Figure 24: Chandra image of the Galactic center. Credit: NASA/UMass/D. Wang et al.
Infrared and radio telescopes (Figure 26) have also revealed giant star-forming molecular clouds (Sagittarius A, B1, B2 and C, and the cold gas cloud near the Radio Arc), the edges of which are glowing with X-rays because of heating from nearby supernovae.
All this commotion takes place in a diffuse cloud of hot gas that shows up as extended X-ray emission. The gas appears to have two components - a 100-million degree Celsius part and a 10-million degree component. This diffuse X-ray glow gets brighter toward the Galactic Center. The high temperature of the diffuse gas poses a problem - it should flow out of the Galactic Center in about 10,000 years, requiring continual replenishment and heating.
The massive stars in the Arches and other star clusters can supply the gas - the X-ray sources associated with these clusters show that they are blowing away a prodigious amount of matter - but they are unlikely to supply the heating mechanism. Another possibility is that magnetic fields are involved in heating the gas, or confining it to the center of the galaxy. The radio image, which is a tracer of magnetic fields in this region, shows that the magnetic fields are certainly there. However, their structure appears unlikely to be capable of confining the hot gas.
Within a dozen light years of the Galactic Center, the hurly burly increases (Figure 25). Sagittarius A, the bright blob in the center, is composed of three main parts - Sagittarius A East, Sagittarius A West, and Sagittarius A*. Sagittarius A East is the remnant of a supernova that stirred things up about 10,000 years ago (plus, of course, the 25,000 years that it takes the light to reach us from the Galactic Center).
Sagittarius A West is a spiral-shaped structure of gas that may be headed toward Sagittarius A*, the supermassive black hole that marks the center of the Milky Way Galaxy.

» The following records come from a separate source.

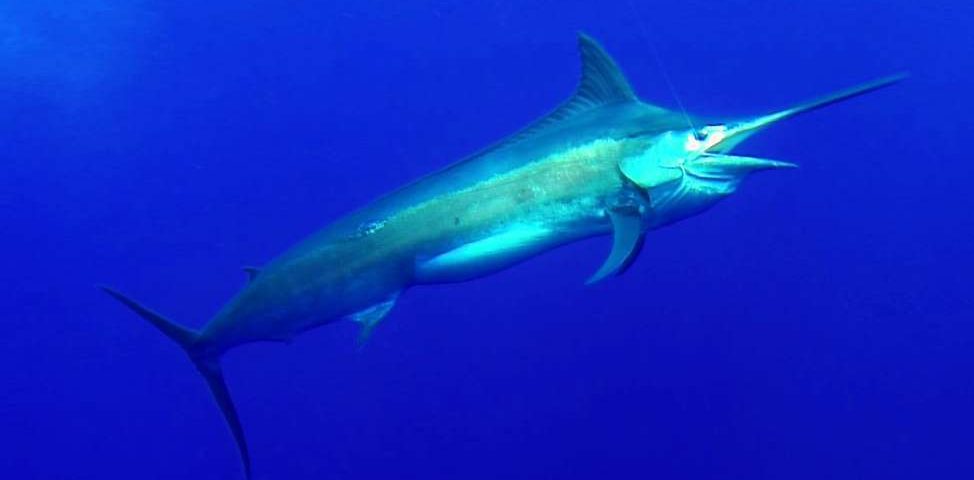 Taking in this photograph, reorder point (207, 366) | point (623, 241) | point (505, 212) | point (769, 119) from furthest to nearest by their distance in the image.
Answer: point (207, 366), point (505, 212), point (623, 241), point (769, 119)

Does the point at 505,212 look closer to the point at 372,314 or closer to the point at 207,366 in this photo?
the point at 372,314

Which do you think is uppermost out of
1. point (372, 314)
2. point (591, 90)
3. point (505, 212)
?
point (591, 90)

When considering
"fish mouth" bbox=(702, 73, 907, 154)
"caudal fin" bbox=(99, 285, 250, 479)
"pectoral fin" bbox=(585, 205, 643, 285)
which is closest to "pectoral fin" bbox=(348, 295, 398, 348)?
"caudal fin" bbox=(99, 285, 250, 479)

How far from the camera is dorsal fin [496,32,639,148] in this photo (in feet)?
12.9

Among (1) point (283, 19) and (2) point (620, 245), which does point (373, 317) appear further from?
(1) point (283, 19)

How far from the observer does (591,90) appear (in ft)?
13.0

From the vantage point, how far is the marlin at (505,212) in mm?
3639

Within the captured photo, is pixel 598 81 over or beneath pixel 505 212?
over

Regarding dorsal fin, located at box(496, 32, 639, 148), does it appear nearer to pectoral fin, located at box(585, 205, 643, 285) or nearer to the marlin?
the marlin

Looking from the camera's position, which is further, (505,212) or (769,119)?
(505,212)

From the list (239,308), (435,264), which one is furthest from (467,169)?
(239,308)

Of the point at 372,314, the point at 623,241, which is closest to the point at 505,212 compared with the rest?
the point at 623,241

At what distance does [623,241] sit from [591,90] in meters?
0.85

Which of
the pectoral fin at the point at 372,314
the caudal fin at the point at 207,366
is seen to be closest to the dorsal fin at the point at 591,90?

Sgr A* contains about 3 million times the mass of the Sun, and is gaining weight daily as it pulls in more material.
Figure 25: The Galactic center, close up.

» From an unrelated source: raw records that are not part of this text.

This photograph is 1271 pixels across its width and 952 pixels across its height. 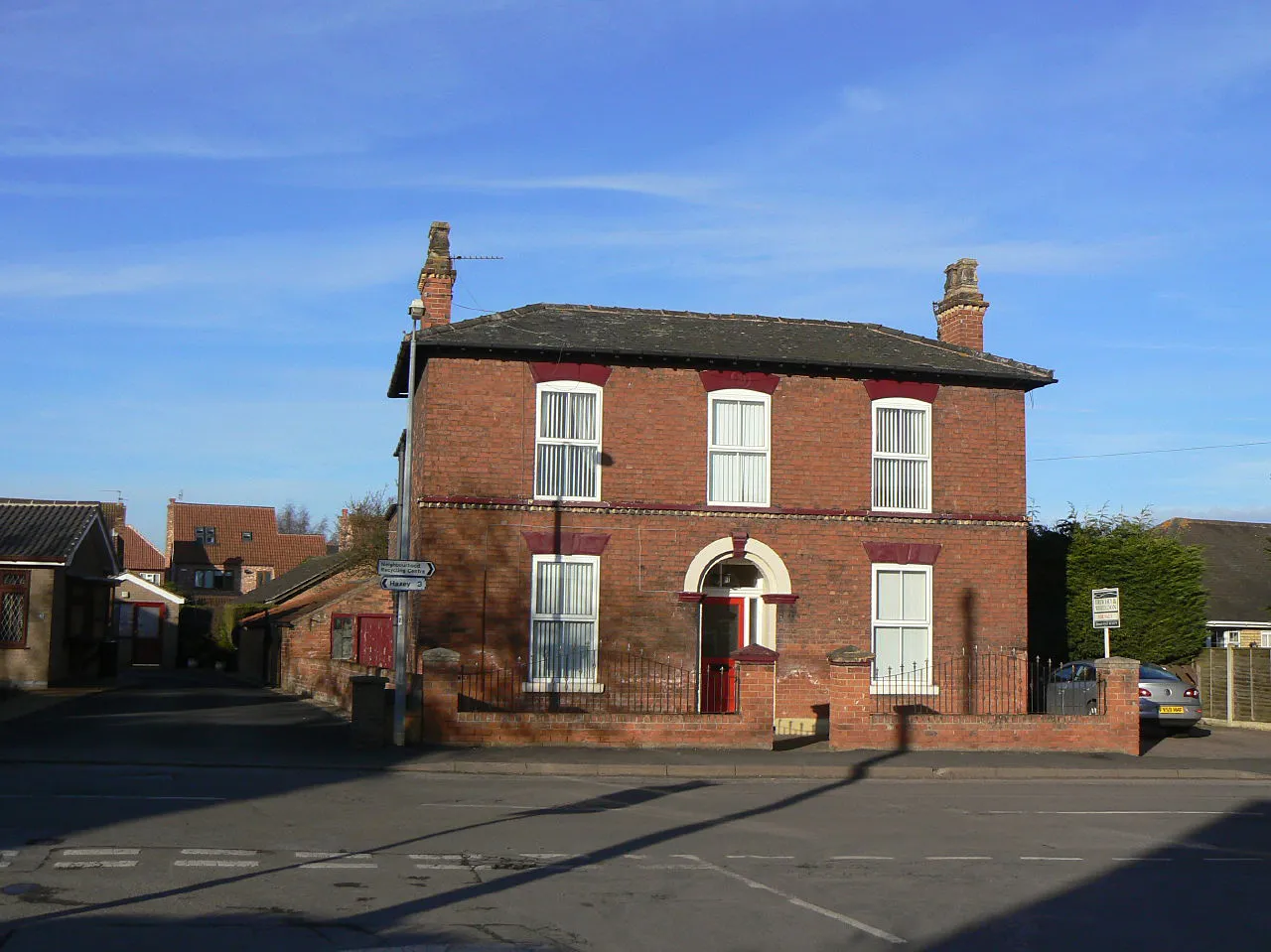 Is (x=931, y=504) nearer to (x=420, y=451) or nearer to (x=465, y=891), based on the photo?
(x=420, y=451)

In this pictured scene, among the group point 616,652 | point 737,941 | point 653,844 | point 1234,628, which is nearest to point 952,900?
point 737,941

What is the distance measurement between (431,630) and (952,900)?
14.5 m

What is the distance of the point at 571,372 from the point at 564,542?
309 cm

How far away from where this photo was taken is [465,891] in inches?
375

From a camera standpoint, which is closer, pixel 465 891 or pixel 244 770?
pixel 465 891

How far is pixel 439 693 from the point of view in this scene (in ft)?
66.9

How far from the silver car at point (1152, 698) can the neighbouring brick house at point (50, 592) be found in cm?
2379

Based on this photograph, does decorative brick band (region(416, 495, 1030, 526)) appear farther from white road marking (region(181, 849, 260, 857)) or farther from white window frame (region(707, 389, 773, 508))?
white road marking (region(181, 849, 260, 857))

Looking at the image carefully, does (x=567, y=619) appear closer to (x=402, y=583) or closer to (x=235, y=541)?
(x=402, y=583)

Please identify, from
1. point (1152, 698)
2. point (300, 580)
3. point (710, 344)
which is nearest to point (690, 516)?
point (710, 344)

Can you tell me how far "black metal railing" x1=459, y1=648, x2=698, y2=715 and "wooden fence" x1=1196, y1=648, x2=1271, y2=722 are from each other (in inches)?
528

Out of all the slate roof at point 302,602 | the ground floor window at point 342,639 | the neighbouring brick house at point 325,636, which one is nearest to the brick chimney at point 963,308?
the neighbouring brick house at point 325,636

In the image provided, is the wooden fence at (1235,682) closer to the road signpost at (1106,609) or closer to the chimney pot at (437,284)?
the road signpost at (1106,609)

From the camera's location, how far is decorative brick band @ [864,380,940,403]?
2516 cm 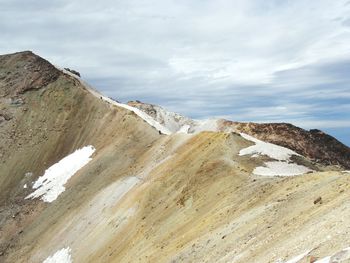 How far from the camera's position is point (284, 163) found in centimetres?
3509

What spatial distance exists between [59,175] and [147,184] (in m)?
17.8

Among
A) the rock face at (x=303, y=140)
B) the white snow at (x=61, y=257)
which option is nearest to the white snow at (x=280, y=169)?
the white snow at (x=61, y=257)

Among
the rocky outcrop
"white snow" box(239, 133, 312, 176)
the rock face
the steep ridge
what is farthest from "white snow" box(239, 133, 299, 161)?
the rocky outcrop

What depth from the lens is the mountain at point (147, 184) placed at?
2319cm

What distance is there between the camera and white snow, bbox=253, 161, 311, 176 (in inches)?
1289

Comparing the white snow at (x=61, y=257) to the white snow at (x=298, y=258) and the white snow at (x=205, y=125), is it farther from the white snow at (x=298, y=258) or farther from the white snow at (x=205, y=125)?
the white snow at (x=205, y=125)

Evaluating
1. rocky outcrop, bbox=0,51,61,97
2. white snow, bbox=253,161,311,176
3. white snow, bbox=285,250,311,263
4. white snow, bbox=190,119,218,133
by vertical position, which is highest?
rocky outcrop, bbox=0,51,61,97

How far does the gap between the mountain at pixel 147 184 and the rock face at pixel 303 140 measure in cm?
19

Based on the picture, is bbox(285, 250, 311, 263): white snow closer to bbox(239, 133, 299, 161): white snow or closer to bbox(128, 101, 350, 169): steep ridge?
bbox(239, 133, 299, 161): white snow

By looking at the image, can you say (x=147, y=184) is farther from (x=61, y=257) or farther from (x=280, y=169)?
(x=280, y=169)

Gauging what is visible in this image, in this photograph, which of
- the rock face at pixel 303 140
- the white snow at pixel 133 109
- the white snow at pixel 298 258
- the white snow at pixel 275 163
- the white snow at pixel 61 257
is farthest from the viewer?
the rock face at pixel 303 140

The mystery surrounding Sgr A* is why it is not growing faster. All the matter being spewed out by those massive stars should provide the central black hole with a good steady source of food, yet the X-ray power of Sgr A*, normally a good indicator of the rate of mass being swallowed by the black hole, is unusually low. Chandra has caught Sgr A* in the act of snacking - it produced a series of bright flares - but the amount consumed was small, about the weight of a comet.

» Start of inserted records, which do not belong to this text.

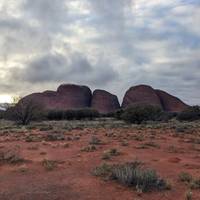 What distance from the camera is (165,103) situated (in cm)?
11819

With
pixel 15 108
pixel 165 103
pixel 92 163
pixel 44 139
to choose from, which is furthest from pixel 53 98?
pixel 92 163

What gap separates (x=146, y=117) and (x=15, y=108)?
1763 centimetres

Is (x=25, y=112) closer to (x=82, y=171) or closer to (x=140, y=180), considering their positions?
(x=82, y=171)

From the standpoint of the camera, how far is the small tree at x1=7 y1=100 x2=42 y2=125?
53.4 meters

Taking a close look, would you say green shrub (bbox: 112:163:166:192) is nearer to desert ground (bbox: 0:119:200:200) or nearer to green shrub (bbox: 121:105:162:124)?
desert ground (bbox: 0:119:200:200)

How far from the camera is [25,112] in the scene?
53469 mm

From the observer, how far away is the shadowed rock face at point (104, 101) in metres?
117

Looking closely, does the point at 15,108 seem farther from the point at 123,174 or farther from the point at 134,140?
the point at 123,174

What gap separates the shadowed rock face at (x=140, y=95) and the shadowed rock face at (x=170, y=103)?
210 centimetres

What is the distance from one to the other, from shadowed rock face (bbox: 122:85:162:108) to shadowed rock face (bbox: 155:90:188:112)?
2.10 metres

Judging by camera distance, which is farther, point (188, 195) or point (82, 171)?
point (82, 171)

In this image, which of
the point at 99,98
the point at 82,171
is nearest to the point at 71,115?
the point at 99,98

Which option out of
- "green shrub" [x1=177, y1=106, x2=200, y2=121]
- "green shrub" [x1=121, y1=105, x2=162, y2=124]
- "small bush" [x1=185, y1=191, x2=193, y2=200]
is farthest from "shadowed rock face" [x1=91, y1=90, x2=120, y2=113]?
"small bush" [x1=185, y1=191, x2=193, y2=200]

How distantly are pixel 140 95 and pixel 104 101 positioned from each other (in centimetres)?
1095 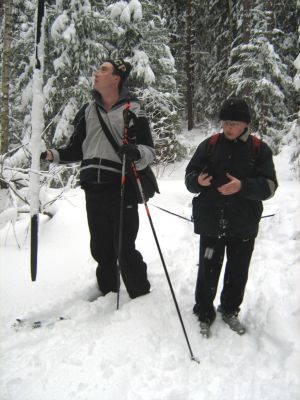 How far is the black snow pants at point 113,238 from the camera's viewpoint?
3.27m

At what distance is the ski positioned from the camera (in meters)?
3.14

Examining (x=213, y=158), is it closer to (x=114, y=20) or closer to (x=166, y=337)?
(x=166, y=337)

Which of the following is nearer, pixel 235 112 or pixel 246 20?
pixel 235 112

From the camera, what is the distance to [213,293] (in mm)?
3129

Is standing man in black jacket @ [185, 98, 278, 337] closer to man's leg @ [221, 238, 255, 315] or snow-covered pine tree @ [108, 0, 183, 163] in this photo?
man's leg @ [221, 238, 255, 315]

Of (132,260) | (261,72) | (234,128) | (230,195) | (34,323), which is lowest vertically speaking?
(34,323)

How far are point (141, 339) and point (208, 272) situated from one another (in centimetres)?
83

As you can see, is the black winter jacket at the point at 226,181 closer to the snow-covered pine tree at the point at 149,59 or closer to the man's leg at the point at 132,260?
the man's leg at the point at 132,260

Explanations for the eating habits of Sgr A* abound. One is that the gas around it is simply too hot - blame the Sgr A East explosion for that.
According to this idea, we are seeing Sgr A* in a quiet period, and it may get back on a regular feeding schedule in the future. Another is that the winds from the massive stars are blowing too fast to be captured by the supermassive black hole. A black hole is in a way like a big, slow dog. If a rabbit stays far enough away, it can escape, but if it ventures too close, . . .
Finally, there is the possibility that it is eating normally and we don't know it. Either the gas is not spiraling into the black hole, falling in directly, so it radiates very few X-rays on the way in, or most of the X-rays are beamed away from us.
As with any exciting, vibrant downtown area of a big city, it obviously takes many visits to know whatŐs going on.
Figure 26: The Galactic center at many wavelengths.